What you will do: With pictures omitted, copy exactly the lines from the one containing "discount-negoce-1829974" through the end of the records below.

Records to use:
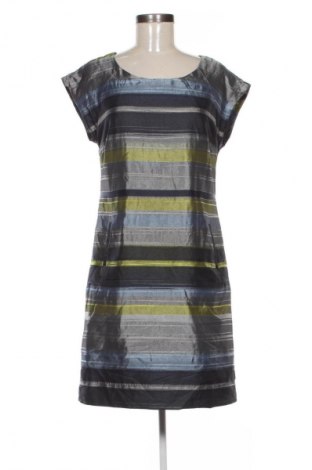 Ruha Rene Lezard, Méret M, Szín Sokszínű, Ár 21 029 Ft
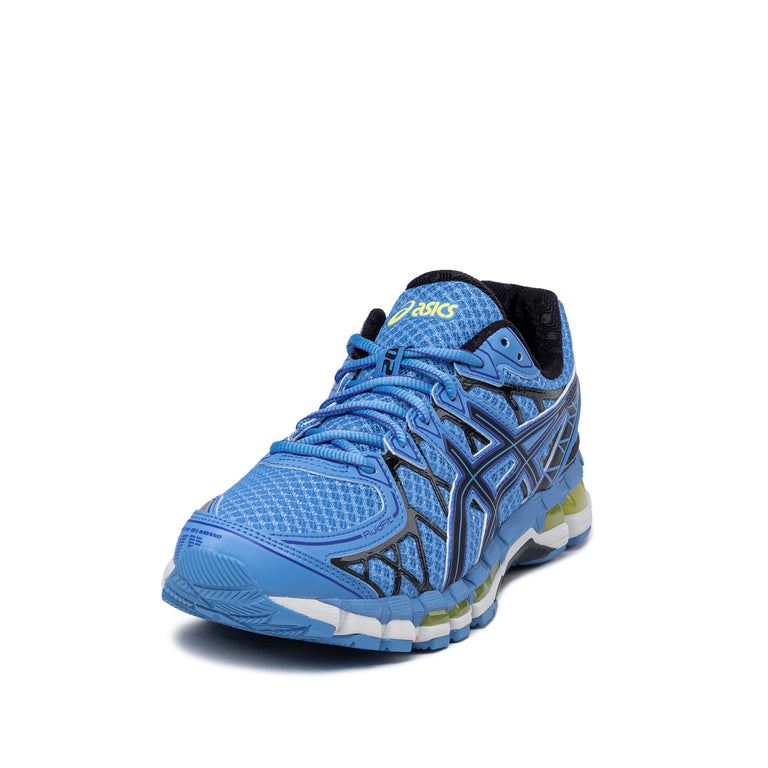 Asics GEL-Kayano 20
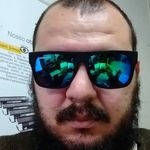 David Baldewicz Neto - @davidbaldewicz - Instagram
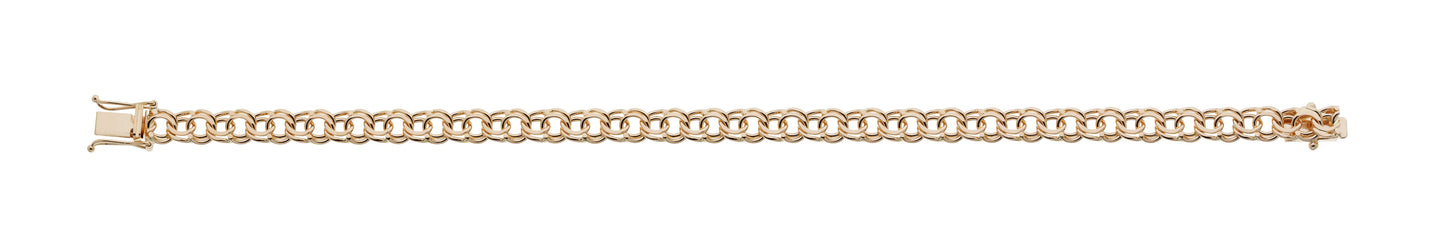 BISMARCK ARMBAND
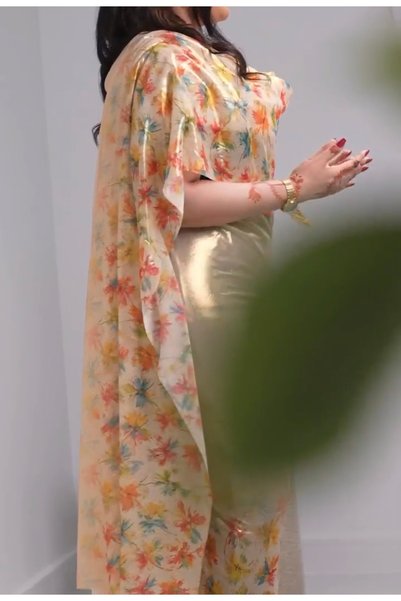 Shaza alanber sudanes toub
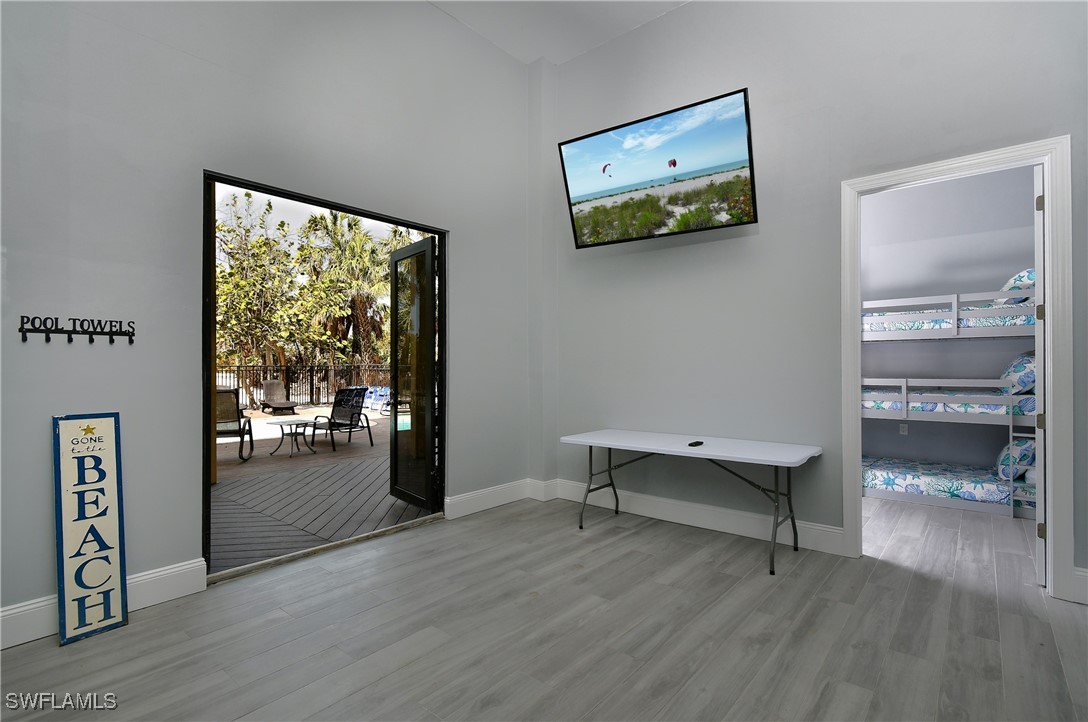 Captiva, Florida, 33924, United States, 4 Bedrooms Bedrooms, ,5 BathroomsBathrooms,Residential,For Sale,1976080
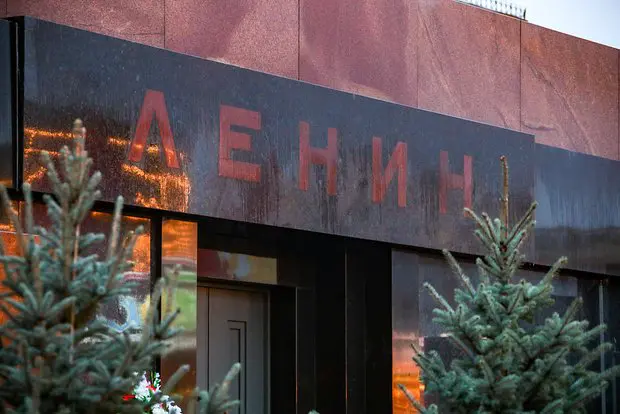 Вводная картинка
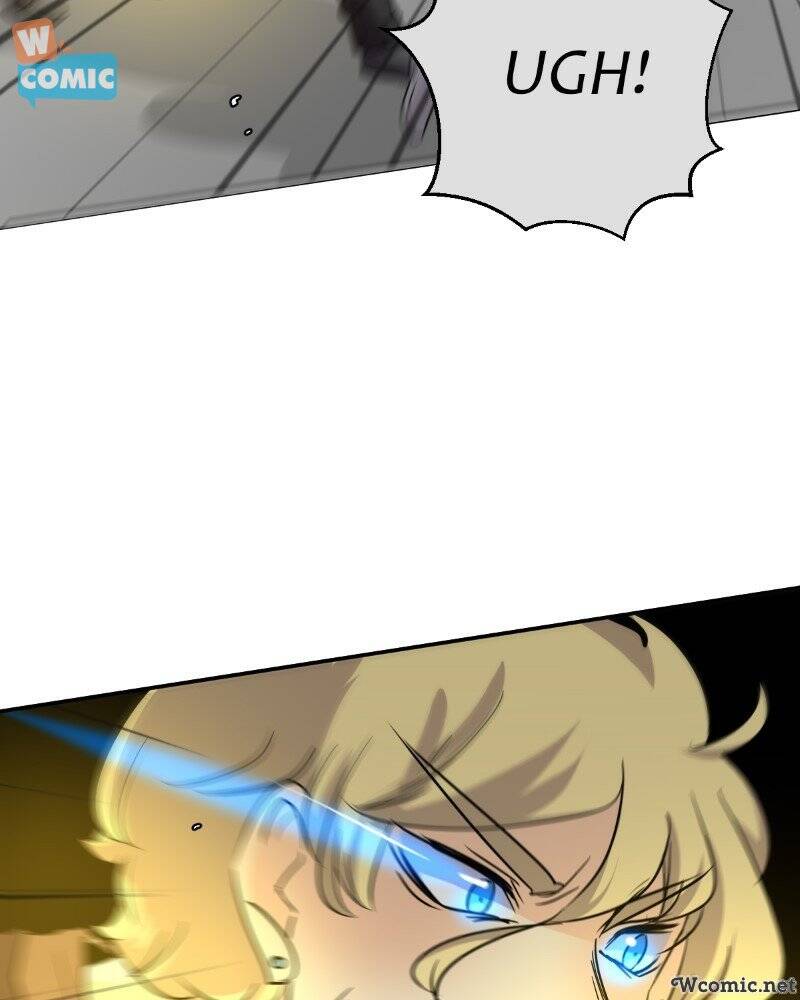 Thế Giới Không Hoàn Hảo Chapter 215 - 49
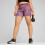Puma Hoge taille 7/8 legging dames Puma Hypernatural 3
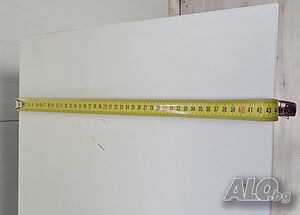 image_8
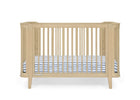 Noah 4-in-1 Convertible Crib 38-Noah 4-in-1 Convertible Crib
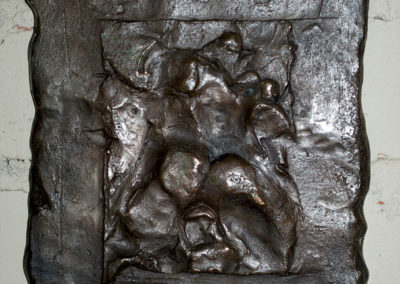 bronze_7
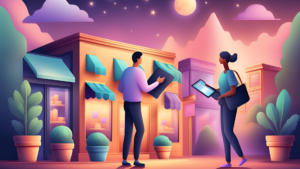 Estratégias de Growth a importância para pequenas e médias empresas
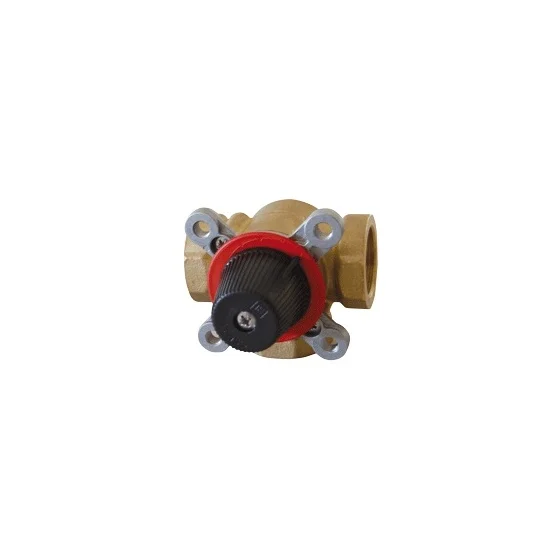 discount-negoce-1829974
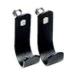  Manfrotto U крюк (2 шт. комплект ) 039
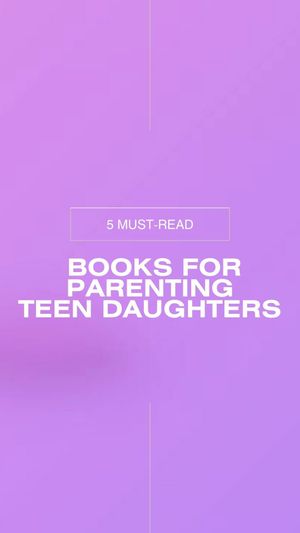 Video post by @girlsheartsonfireorg on Facebook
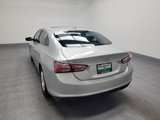 Used 2022 Chevrolet Malibu LT image 6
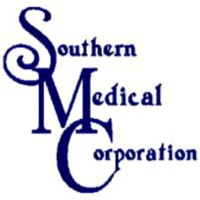Electrocardiograph Technician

Answer to this exercise:
 discount-negoce-1829974
  Manfrotto U крюк (2 шт. комплект ) 039
 Video post by @girlsheartsonfireorg on Facebook
 Used 2022 Chevrolet Malibu LT image 6
Electrocardiograph Technician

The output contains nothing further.